■ Data to use:
--------------------

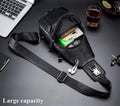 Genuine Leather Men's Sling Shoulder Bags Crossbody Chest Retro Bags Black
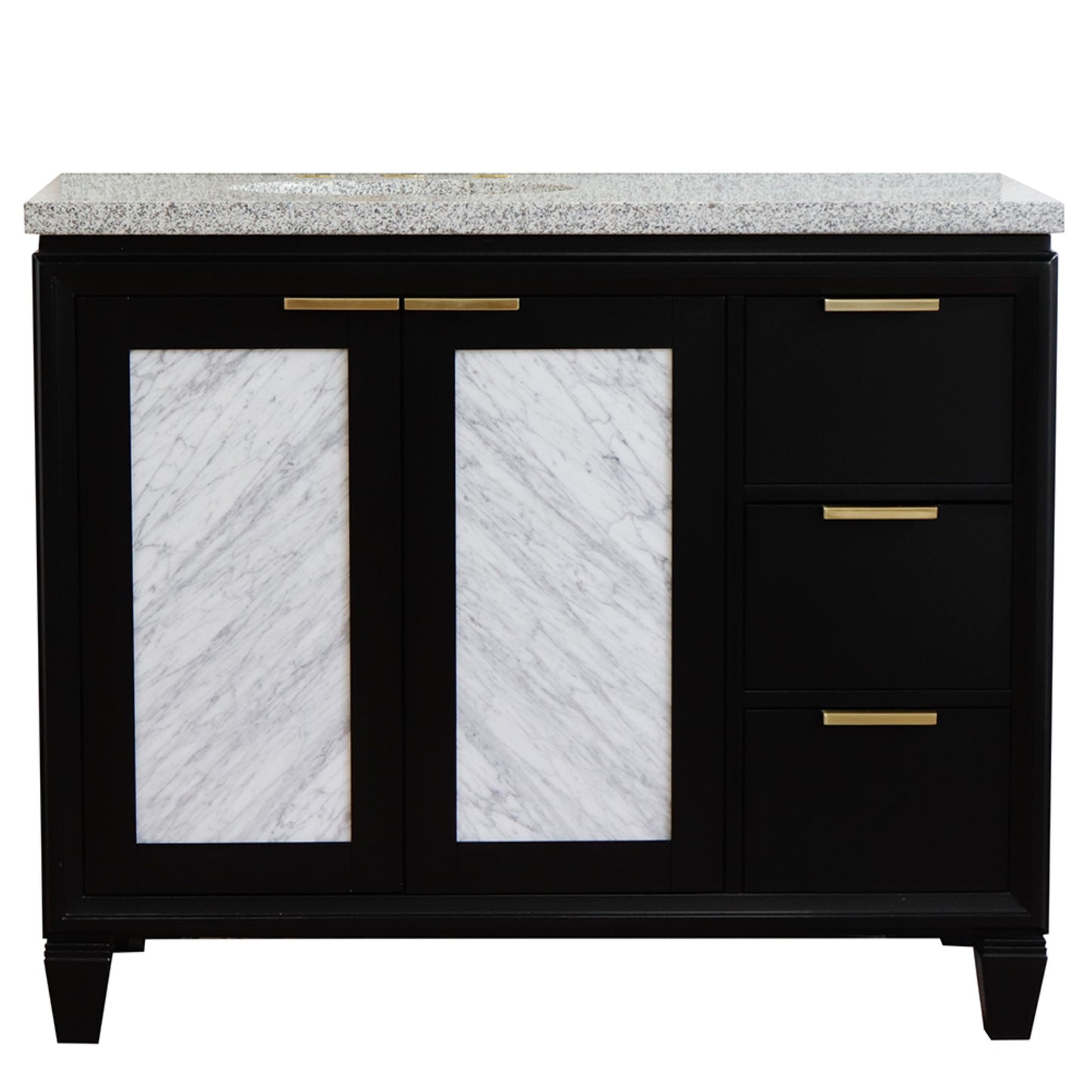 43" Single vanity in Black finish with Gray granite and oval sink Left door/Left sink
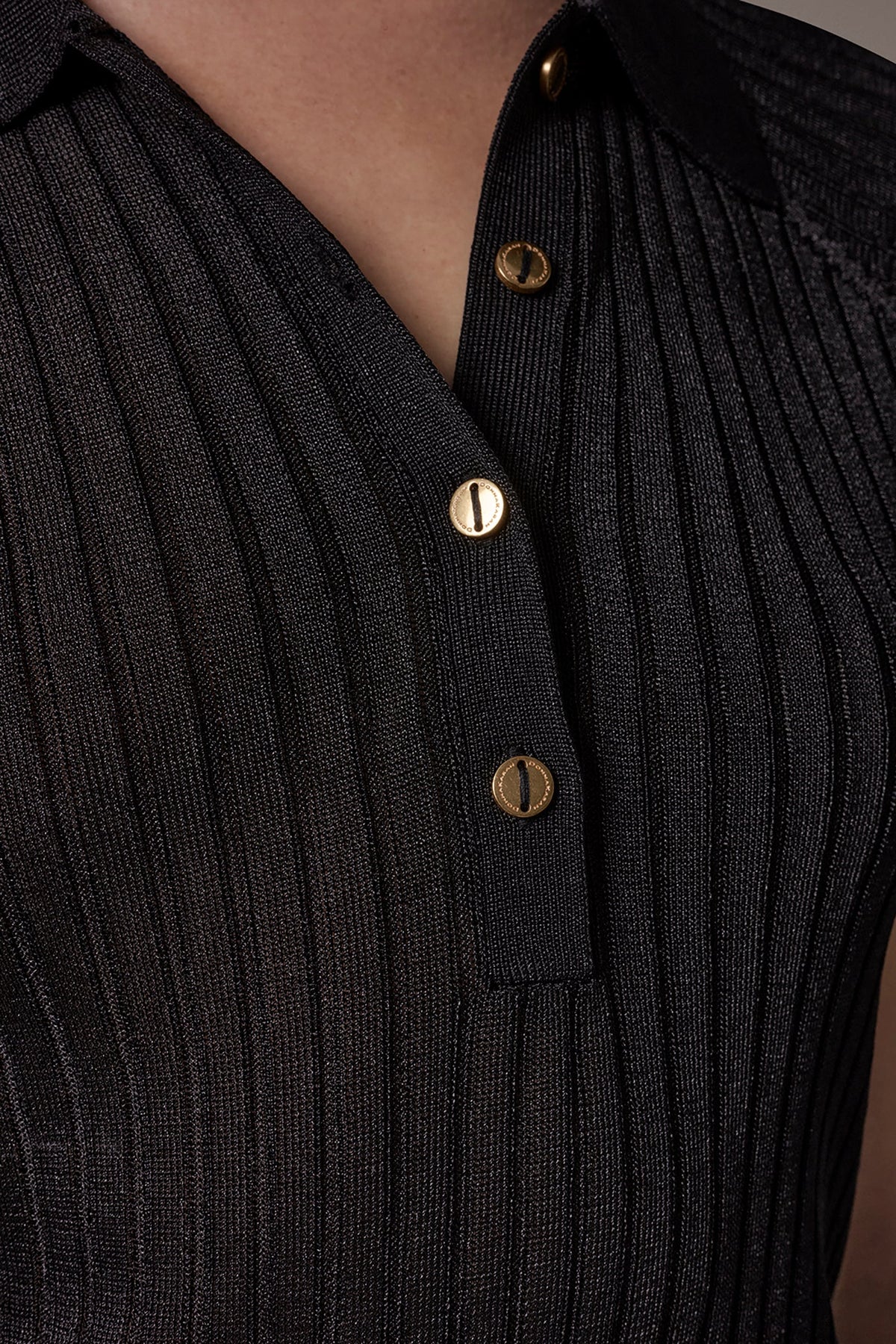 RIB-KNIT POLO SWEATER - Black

--------------------

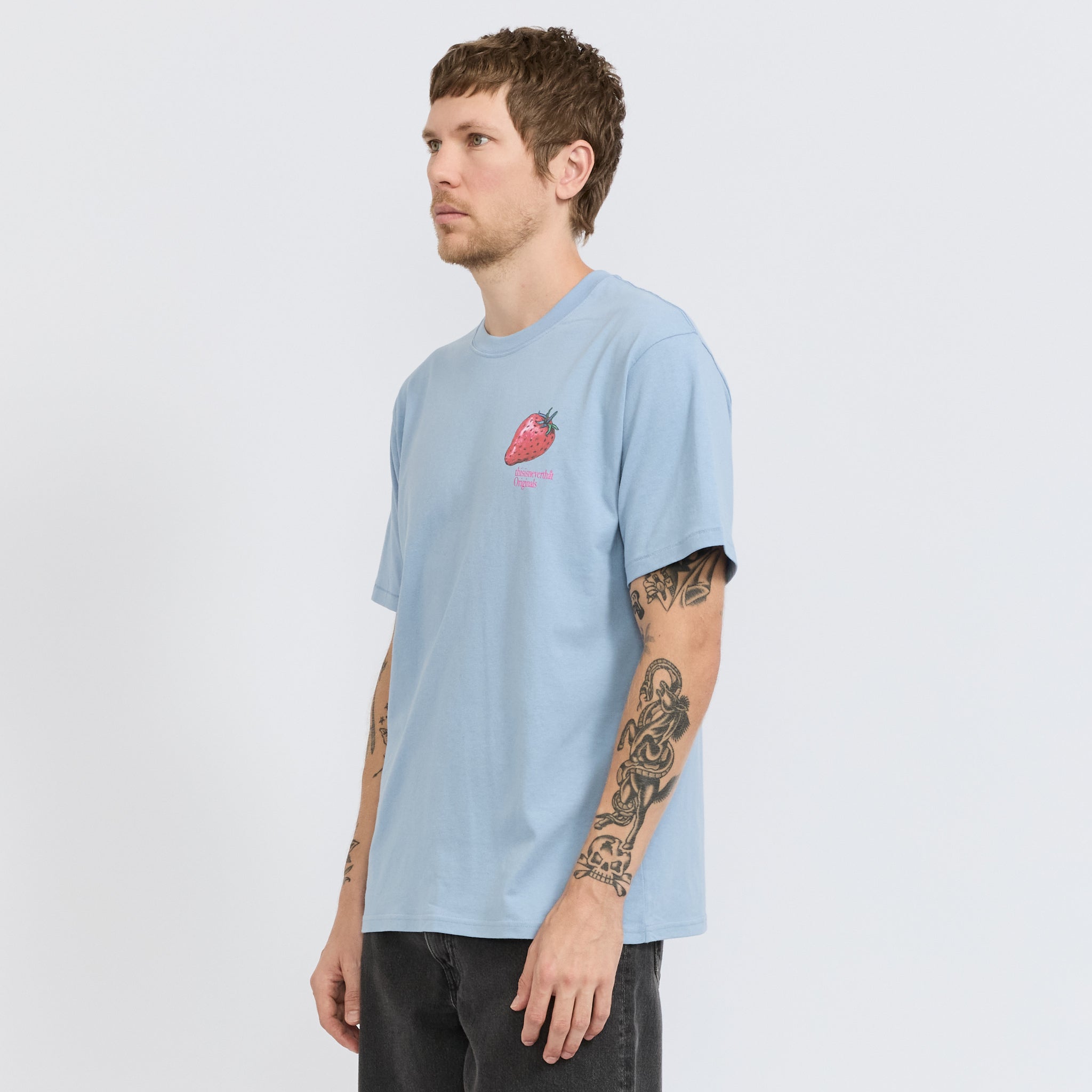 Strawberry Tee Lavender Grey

--------------------

■ Exercise description:
Working from the entries above, reproduce exactly and only the lines beginning with the line that has "Genuine Leather Men's" and ending with the line that has "RIB-KNIT POLO SWEATER - Black"; omit all pictures.

■ Response:
 Genuine Leather Men's Sling Shoulder Bags Crossbody Chest Retro Bags Black
 43" Single vanity in Black finish with Gray granite and oval sink Left door/Left sink
 RIB-KNIT POLO SWEATER - Black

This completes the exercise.